Les amants plus âgés du second tableau, conservé au musée du Louvre, s’étreignent à demi dévêtus dans une chambre dont l’homme pousse le verrou. À côté d’eux, un lit aux rideaux cramoisis, dont les drapés évoquent un sexe féminin, et une pomme, éternel symbole du fruit défendu. L’œuvre donne à voir l’expression d’un désir érotique puissant et direct, que traduit une composition plus dramatique — quand l’atmosphère du Baiser à la dérobée reste plus légère. La tension qui parcourt le tableau induit le danger d’une punition bien plus importante pour ce couple que les simples remontrances que pourraient essuyer leurs homologues plus jeunes.
On ne peut pourtant pas faire du Verrou une sorte de suite et pendant du Baiser à la dérobée, puisqu’il a été réalisé le premier, en 1777, à la demande du marquis Louis-Gabriel de Véri-Raionard (1722-1785). Ce grand collectionneur de peinture est un amateur des scènes galantes, voire libertines, qui se multiplient en France à partir du règne de Louis XV (1710-1774). Le Baiser à la dérobée a lui été réalisé en 1787, conjointement par Fragonard et par son élève Marguerite Gérard (1761-1837), sans que l’on sache exactement la part que chacun prit à l’exécution de l’œuvre.
LE PLAISIR DE L’INTERDIT
Cependant, se développe dans les deux tableaux une même vision du désir. Dans les deux scènes dépeintes, la conscience de la transgression d’un interdit constitue une part non négligeable du plaisir des deux couples. La menace d’être à tout moment découverts semble agir comme un aiguillon au désir, renvoyant à l’étymologie du mot libertin : libertinus désigne en latin « l’affranchi », « l’ancien esclave désormais libre ».
Le spectateur devient alors voyeur et outrepasse lui-même un interdit, en étant témoin de ce que nul n’était censé voir. Il est, de fait, le complice des amants, mais Fragonard ne souligne pas cette connivence : au contraire des sensuelles odalisques peintes par François Boucher (1703-1770), les personnages du Baiser à la dérobée comme du Verrou ne regardent pas le spectateur.

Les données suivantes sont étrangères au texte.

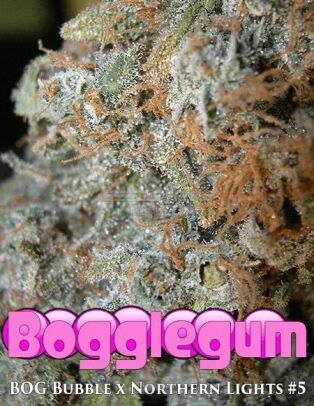 Bog-seeds-bogglegum_aec3ba74-fb98-4da9-b28f-bd906817f53d.jpg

L’INFLUENCE DES GRANDS MAÎTRES
Car si Fragonard a été formé à la peinture dans l’atelier de François Boucher, c’est davantage aux maîtres du XVIIe siècle que se réfère l’artiste dans ses deux tableaux. Le choix d’une composition en diagonale, qui fait converger le regard vers le nœud de l’action (le baiser dans un cas, le verrou tiré dans l’autre), accentuée par le travail du clair-obscur, renvoie aux œuvres du peintre italien Le Caravage (1571-1610) et du peintre néerlandais Rembrandt Harmenszoon van Rijn (1606-1669).
Fragonard dispose en effet d’une solide formation artistique, acquise à la suite de son passage par l’atelier de François Boucher. Élevé pendant trois ans à l’École royale des élèves protégés[1], il intègre à partir de 1757 l’Académie de France[2] à Rome, où il reste jusqu’en 1761. Durant ce séjour italien, puis d’un voyage en Flandres, Fragonard copie inlassablement les grands maîtres.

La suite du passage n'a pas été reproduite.